## Required work:
Only the lines from the one containing "日野 デュトロ 小型 ダンプ 強化 TKG-XZU620Tの中古トラック画像3" through the one containing "Brendan Healy, Actor, Comedian" should be printed, exactly as they appear below, with both ends included.

## Records to use:
■ ■ ■
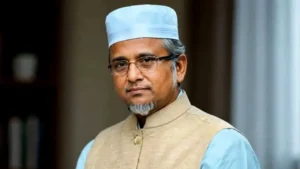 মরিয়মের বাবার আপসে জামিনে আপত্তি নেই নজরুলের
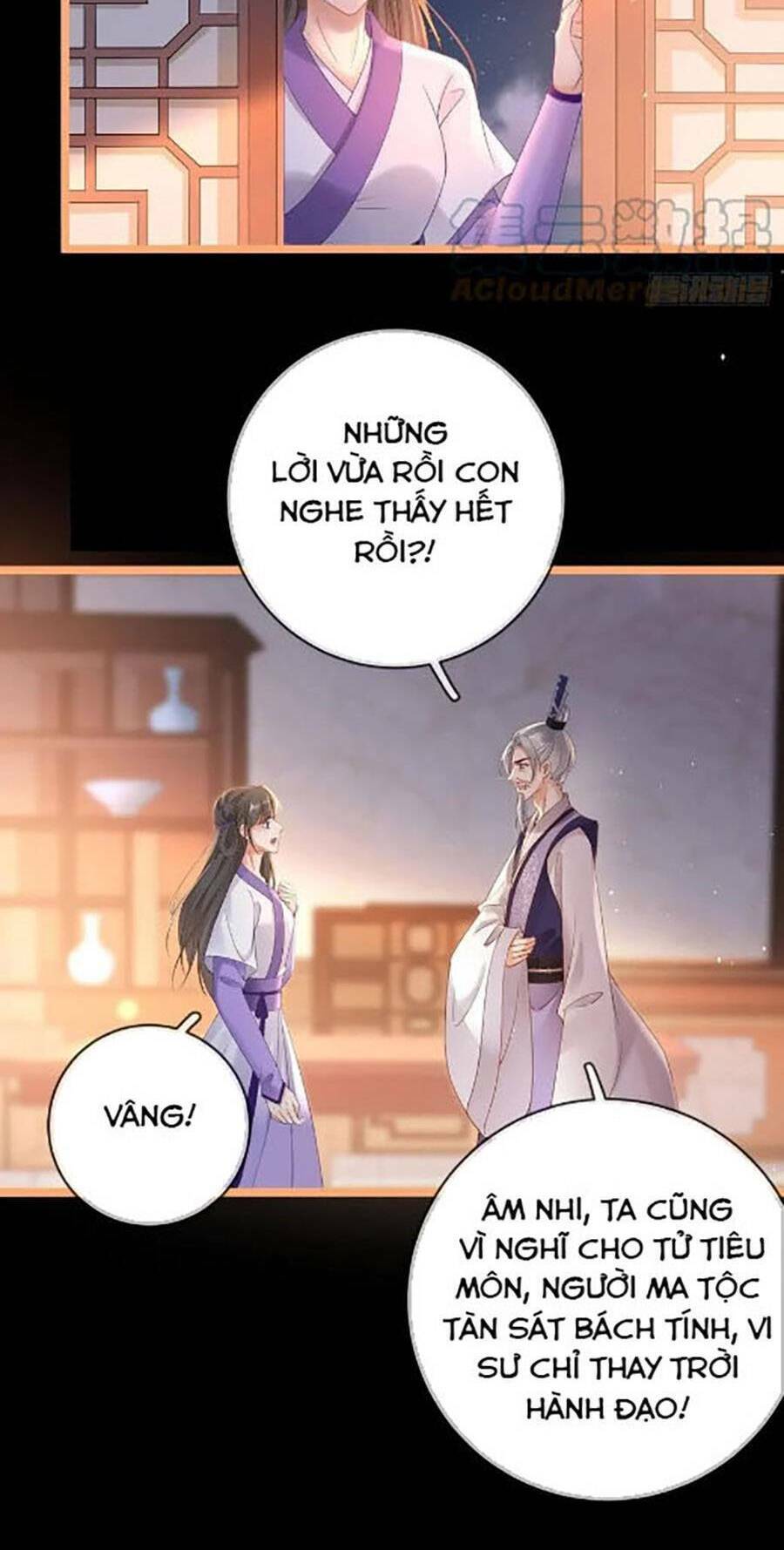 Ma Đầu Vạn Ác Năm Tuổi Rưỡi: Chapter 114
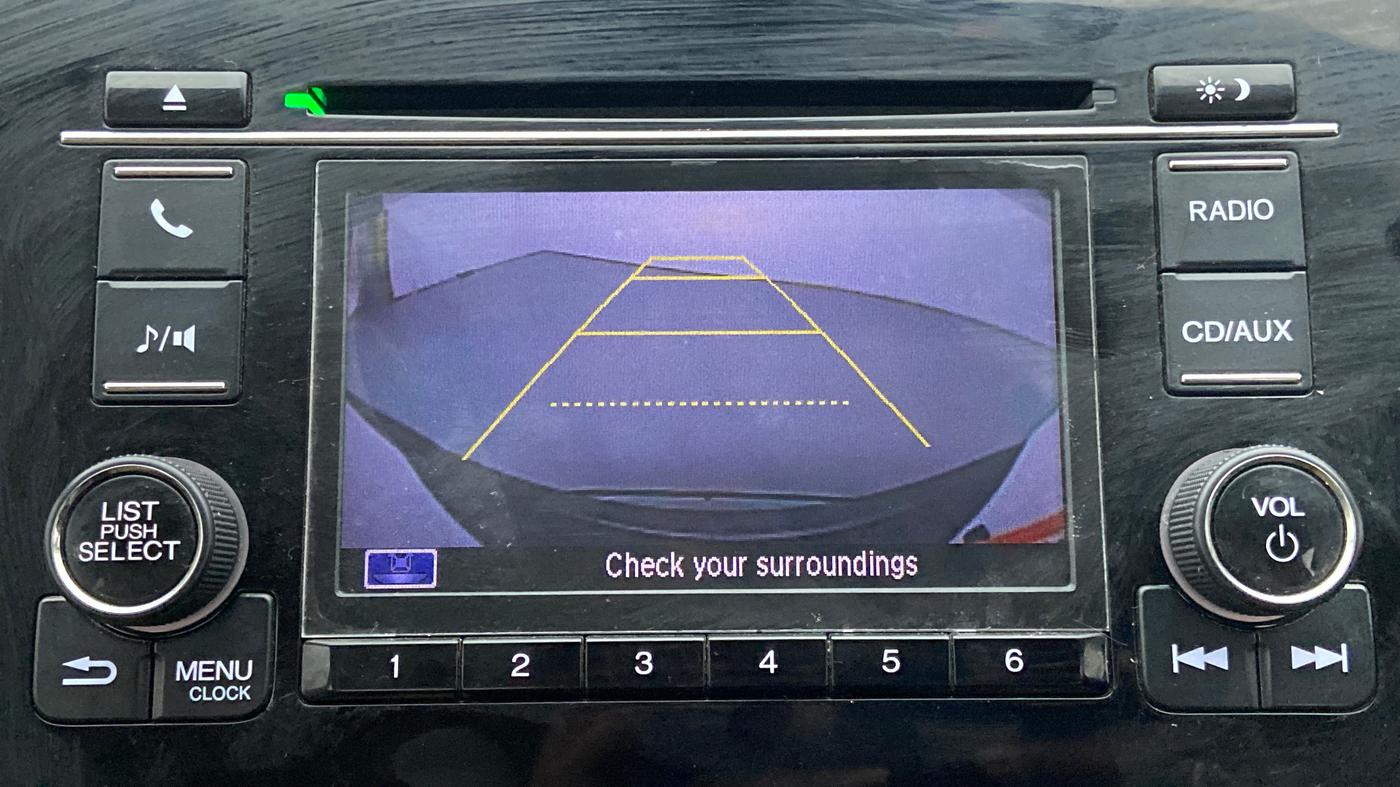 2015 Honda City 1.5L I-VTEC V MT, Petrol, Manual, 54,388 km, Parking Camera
■ ■ ■
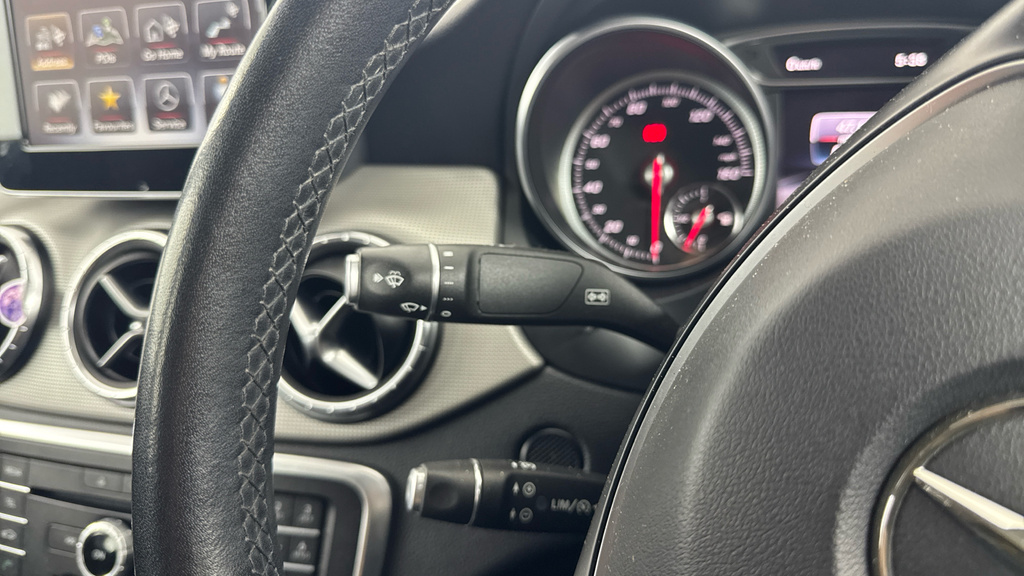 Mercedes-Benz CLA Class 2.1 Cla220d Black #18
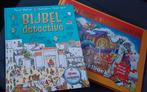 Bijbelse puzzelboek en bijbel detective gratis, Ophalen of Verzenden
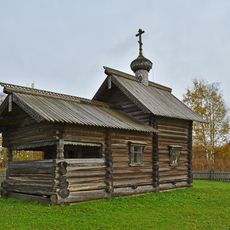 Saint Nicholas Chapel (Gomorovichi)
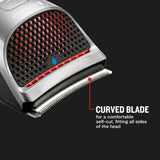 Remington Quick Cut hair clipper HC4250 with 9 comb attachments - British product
■ ■ ■
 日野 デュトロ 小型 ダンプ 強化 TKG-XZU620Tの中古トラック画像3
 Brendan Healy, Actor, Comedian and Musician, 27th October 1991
■ ■ ■
## Task answer:
 日野 デュトロ 小型 ダンプ 強化 TKG-XZU620Tの中古トラック画像3
 Brendan Healy, Actor, Comedian and Musician, 27th October 1991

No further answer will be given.